There are several solutions I think would be much better:
A) Make hardy-proposed similar to debian experimental in terms of
access. As you may know, unless you know what you're doing, you can't
access experimental unless you do so explicitely.
With this example, users should be forced to do things like 'sudo
aptitude -t hardy-proposed install firefox-3.0 - thus touching nothing
else in that section. Personally I think this would be the best
solution.
(The following solutions are related to updates-manager, but might be
better - obviously QA is required so making it that hard might be
bad.)
B) There could be modifications made to updates-manager that, when
enabling hardy-proposed, any updates related are automatically
unchecked, and the user must then explicitly select the packages they
actually enabled it for. Perhaps there could still be an "enable all"
in the proposed sections header?
C) You could simply have updates-manager ignore hardy-proposed, and
force the user to use tools like aptitude to actually install from it.

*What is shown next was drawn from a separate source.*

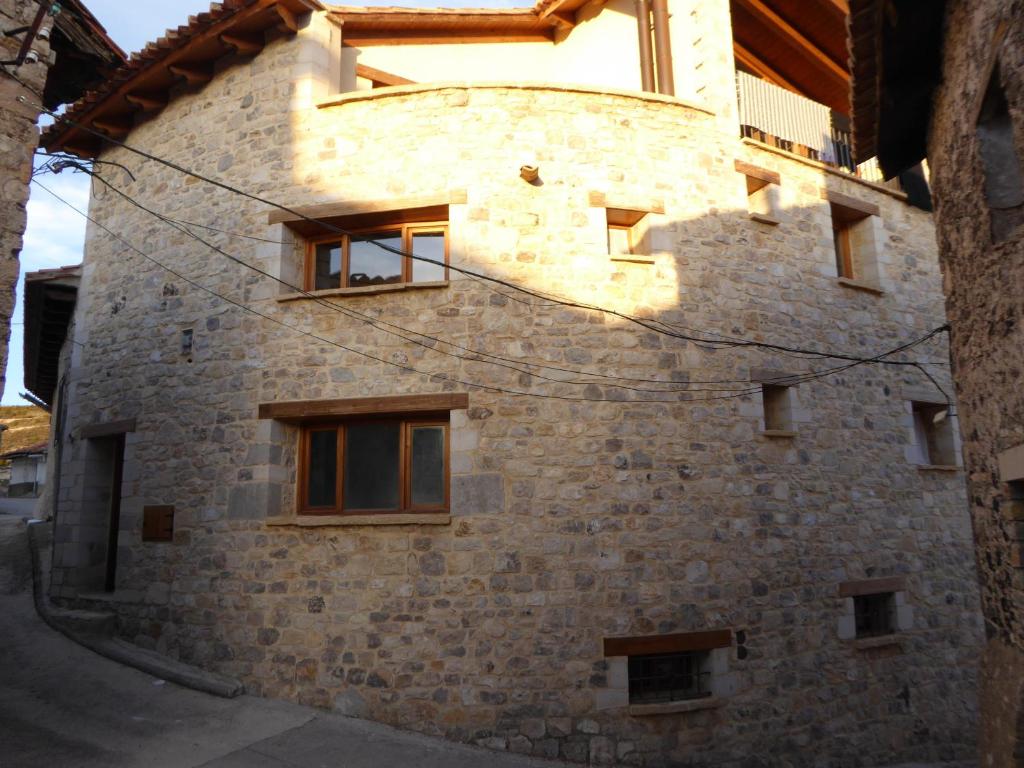 a stone building with windows on the side of it at Casa rural La Sabina in Fortanete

This is for similar reasons as (A) in that it adds complexity to
accessing the packages, and it might be the easiest to implement. This
has the nice side effect of being very common to those you want
performing QA.
D) You could have update-manager act more like aptitude safe-upgrade,
not capable of removing packages at all unless explicitly instructed
(similar to current prompts for distro upgrades maybe?)

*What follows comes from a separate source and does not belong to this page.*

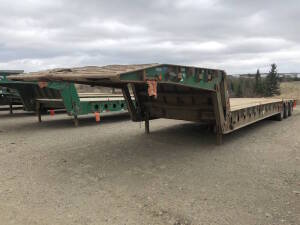 2005 Arnes Tri-Axle Scissor Neck Tridem Lowboy Trailer 52' with center live roll 10" live roll Serial No 2A91252355A003933 Unit No 2219 Located at 2020 1st Ave. Edson, AB, T7E 1T8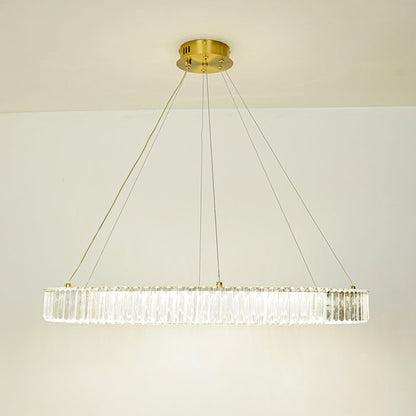 Contemporary linear crystal pendant light with gold metal frame suspended against clean white ceiling background ideal for modern dining or living space lighting.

Of course, in an ideal world, no one would use hardy-proposed at all
if they weren't knowledgeable about the ramifications. In a slightly
less ideal world, everyone using hardy-proposed for specific reasons
would be told to disable it when they're done. This of course isn't an
ideal world though.
Proposed is a playground for QA for the next hardy point release, its
reasons are well intended, but something has to be done for users that
are told to use hardy-proposed and aren't knowledgeable with the
system. I don't think developers should have to worry about what
they're uploading to hardy-proposed - it's supposed to break, else QA
is no fun at all... but it should take more steps to ensure it's not
breaking peoples systems that do not know how to rectify issues.